Scale. It’s All Relative.

April 10, 2023

Scaling your internal team can look like anything from growing from two to five or 20 to 50. It’s not about the numbers but rather about shifting the playing field. It’s also about playing by design rules and not business rules. As designers, we need to create the experiences, know what we’re aspiring to, and go after it! 

The last session of AIGA’s Executive Leadership Summit, led by Doug Powell and Hal Wuertz, had attendees get to work. First, everyone created stakeholder maps to understand the key people in their organizations and as leaders, their interactions with these stakeholders. This exercise continued with mapping out all the people who are part of this interaction, highlighting who may have control over decision making, budget, and/or a stake in a project’s success. This exercise demonstrated an  expansive way to view your work world and the influences surrounding you. 

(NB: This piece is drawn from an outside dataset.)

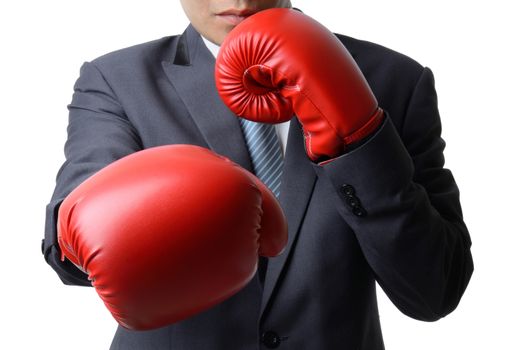 businessman with red boxing glove punch to the goal, business concept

Attendees also sketched out personas of an individual on their stakeholder map so they could  project this individual’s drivers and pain points; what excites them about a project; and maybe even the projects that keep them up at night. Working in small groups, attendees discussed their influencer spheres within their organizations and the impact of design on this circle, and how they interact with and potentially influence them as well. 

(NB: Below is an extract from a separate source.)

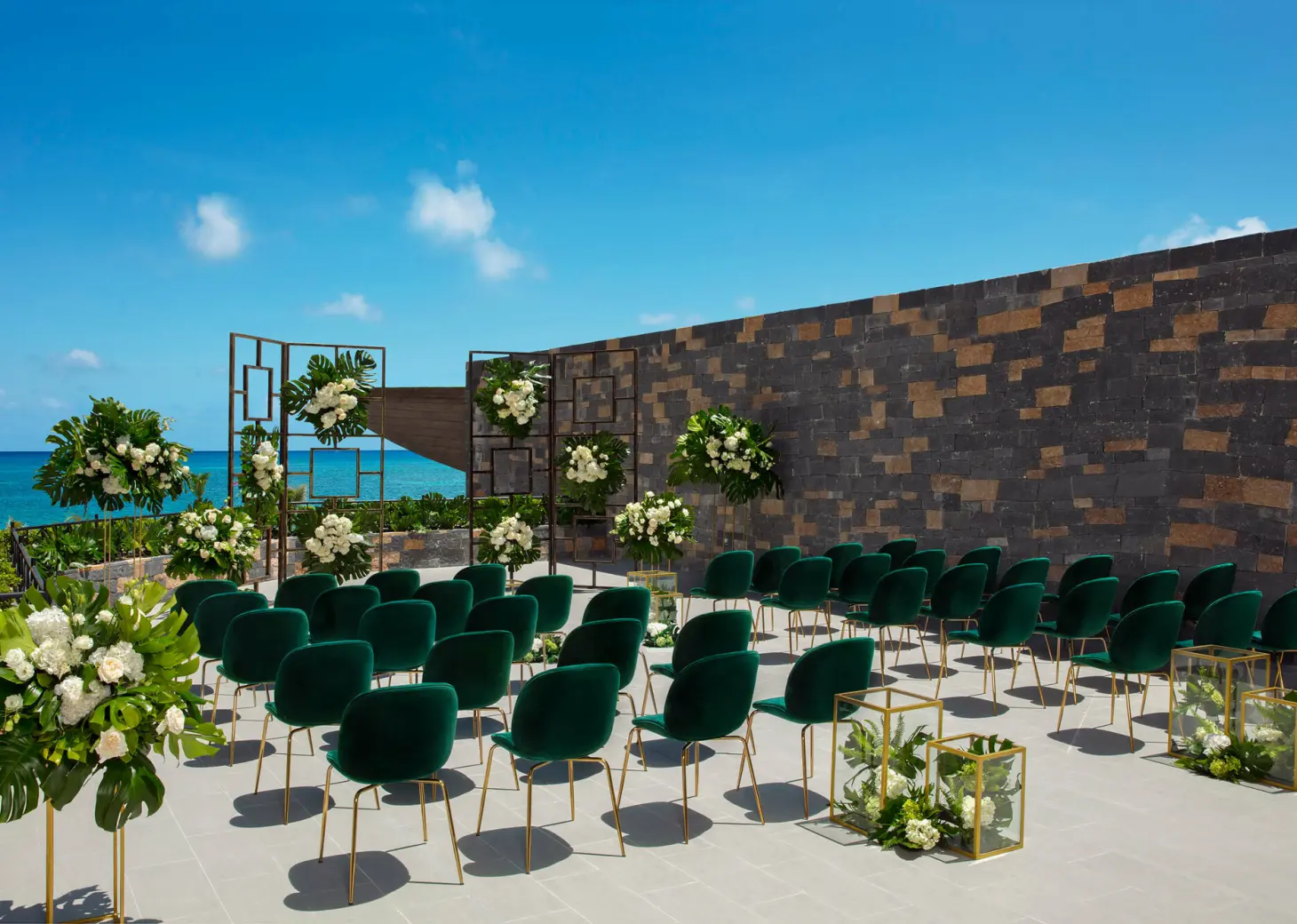 Wedding terrace with green chairs and altar at Dreams Natura Resort and Spa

This led into a third working session with attendees analyzing the metrics they want and need. 

What is the purpose of these exercises, other than to get attendees out of their seats and comfort zones? The intent was to better understand their  stakeholders and their businesses. Digging into the metrics and building on the concrete ideas  allowed the attending leaders to return home armed with steps for increasing design’s impact on their organizations. It was about analyzing the relationships that help foster a culture of understanding of design in their teams and businesses. 

Most importantly, these sessions allowed for generative conversations. The attendees built on the knowledge and areas of interest of their organization, their clients, and even society in general, while working within the constraints of what’s needed. That’s what building at scale is all about.